→ **TASK DETAILS**: The entire listing, reproduced exactly and stripped of images, is the expected output.

*** INFORMATION SUPPLIED ***

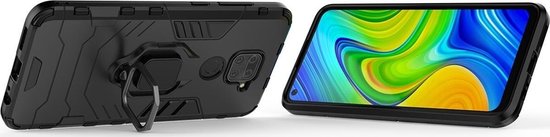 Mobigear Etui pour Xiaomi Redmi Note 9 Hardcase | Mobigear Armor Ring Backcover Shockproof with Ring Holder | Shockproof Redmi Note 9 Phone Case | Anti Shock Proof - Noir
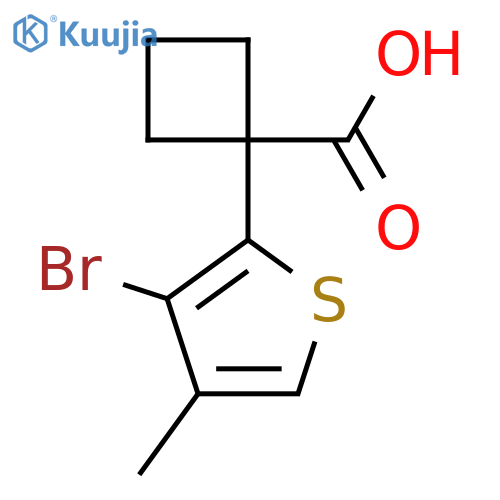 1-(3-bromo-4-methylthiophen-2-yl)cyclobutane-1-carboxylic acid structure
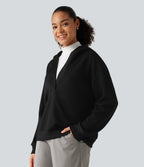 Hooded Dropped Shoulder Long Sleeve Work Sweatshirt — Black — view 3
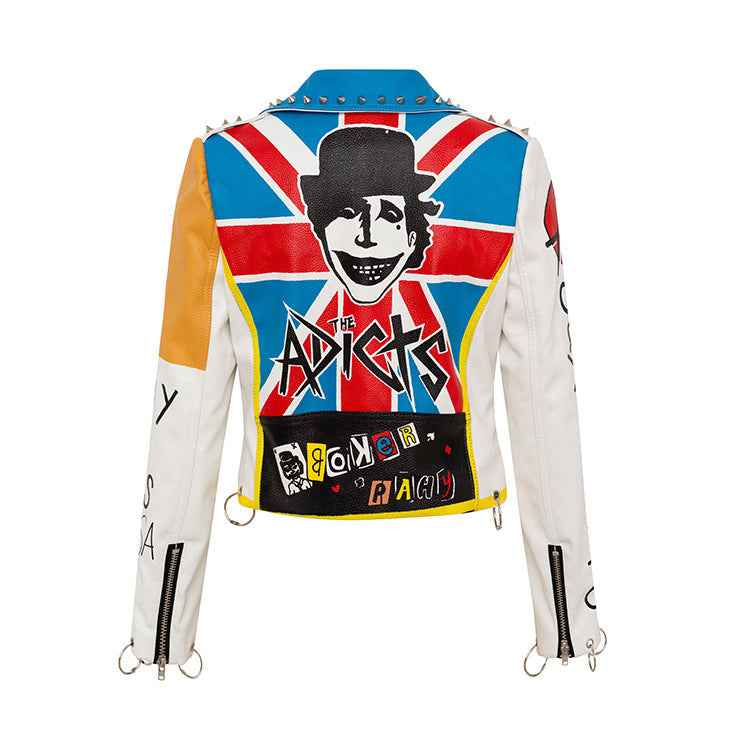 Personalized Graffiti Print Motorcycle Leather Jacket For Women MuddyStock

***

→ **TASK RESULT**:
 Mobigear Etui pour Xiaomi Redmi Note 9 Hardcase | Mobigear Armor Ring Backcover Shockproof with Ring Holder | Shockproof Redmi Note 9 Phone Case | Anti Shock Proof - Noir
 1-(3-bromo-4-methylthiophen-2-yl)cyclobutane-1-carboxylic acid structure
 Hooded Dropped Shoulder Long Sleeve Work Sweatshirt — Black — view 3
 Personalized Graffiti Print Motorcycle Leather Jacket For Women MuddyStock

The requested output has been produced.